Better Know a Theorem: The Greedy Algorithm
Consider the following network design problem. Schmoogle‘s 100 offices want to be able to stream huge amounts of data to each other (e.g., to broadcast talks to all their offices). In order to do this they need to connect all of their offices with new Phlogiston-net cabling. A single cable can be used to connect any pair of offices, and they can figure out the cost of buying any cable beforehand (the cost depends on which pair we’re connecting, due to their distance, geographic factors, etc).
What’s the cheapest way to buy cables so that data can be sent from any office to any other other office? Note, even if it takes multiple steps to send data from office A to office B, e.g., using offices C, D, E along the way (like a multi-leg flight), Schmoogle is happy. We’ll say two offices are connected if data can be sent between them.
The first step is to notice that the network should have no cycles of cables, e.g., we would not want cables connecting pairs (A, B), (B, C), (C, D), (D, E), (E, A) of offices, since we can remove any one of these cables and everything would still be connected. This means that our desired cheapest network is a tree.

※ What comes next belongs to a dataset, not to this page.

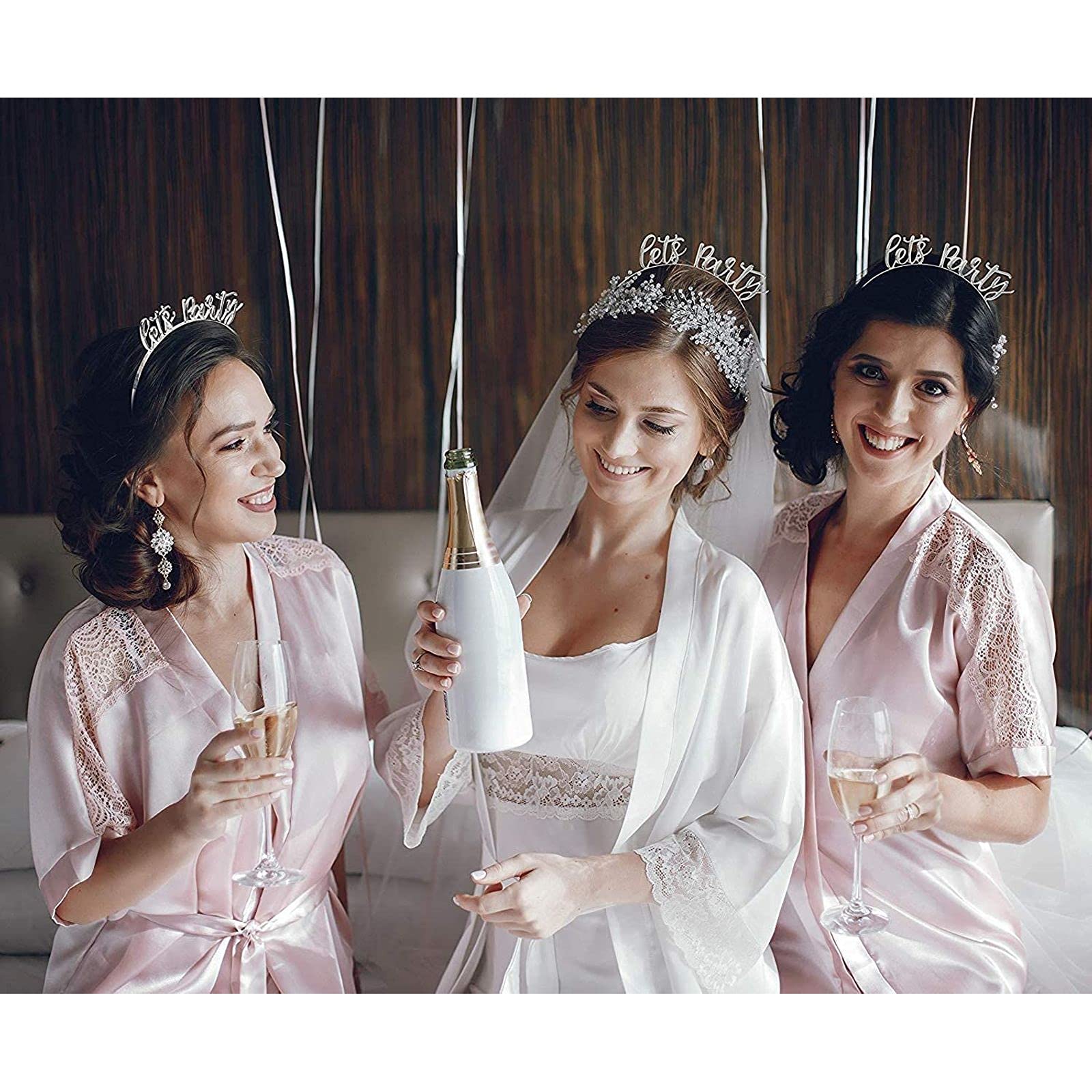 Juvale Let's Party Headbands - 6 Pack Metallic Silver Hair Accessories for Teens & Adults - Perfect for Birthday Parties, Bachelorette Events & Festivals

Kruskal in 1956 proposed the following solution:
while not everything is connected,
purchase the cheapest cable amongst those between two offices not yet connected.
This algorithm is commonly called greedy since it always does the cheapest thing at the time, without worrying about later consequences. Amazingly, it correctly computes the cheapest possible overall network! In general, greedy algorithms do not always work optimally (e.g., pick the largest set of offices pairwise separated by at least 1000 km). For other things called matroids greedy algorithms are correct; strangely, there are a lot of matroids in real life and so the greedy algorithm has many applications beyond network design.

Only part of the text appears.